Vodacom and Kenya’s Safaricom will partner to acquire the intellectual property rights to the popular M-Pesa mobile financial services platform from Britain’s Vodafone.
The Chief Executive Officer of Safaricom, Bob Collymore said the 12 million euro ($13.4 million) deal will let both purchasers make significant savings in royalties paid to Vodafone and expand the service to new African markets.
Collymore told Reuters that “we are taking ownership of M-Pesa, the brand and the intellectual property. Joint ownership between us and Vodacom and we then use that as a platform into running into other markets across the continent”.
Safaricom, the most profitable company in East Africa, pays 2 percent of its annual M-Pesa revenue to Vodafone. Revenue from M-Pesa stood at 75 billion shillings ($741 million) in Safaricom’s financial year to the end of March.
Vodacom, a South African operator which owns 35 percent of Safaricom, pays 5 percent in an intellectual property fee to Vodafone from its M-Pesa business, which is mainly in Tanzania.
According to Collymore, “more important than the significant savings is about us determining the future, the roadmap of M-Pesa because at the moment the roadmap is determined by Vodafone. Given that the bulk of the M-Pesa business is in Africa, between Tanzania and Kenya, it is right for us to be determinants”.
Collymore revealed that the acquisition of the intellectual property rights by the new joint venture will allow the partners to more easily develop local products, pointing to Fuliza, an M-Pesa overdraft facility launched in Kenya in January.
Earlier this month, Fuliza which is operated jointly with two local banks, has garnered 8.8 million users who have borrowed a combined 45 billion shillings.

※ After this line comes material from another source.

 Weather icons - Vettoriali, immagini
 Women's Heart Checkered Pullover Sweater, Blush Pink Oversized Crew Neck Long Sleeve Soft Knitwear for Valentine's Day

Apart from developing new products based on the M-Pesa platform, Safaricom and Vodacom also want to launch into other African markets.
Collymore noted that Safaricom’s plan to form a joint venture with Vodacom and acquire the intellectual property rights to M-Pesa still requires regulatory and shareholder approvals in South Africa. It also requires regulatory approval in Kenya.
He said “we are putting everything in place just subject to getting the right approvals”, while adding that the joint venture should be set up and the deal with Vodafone will completed this year.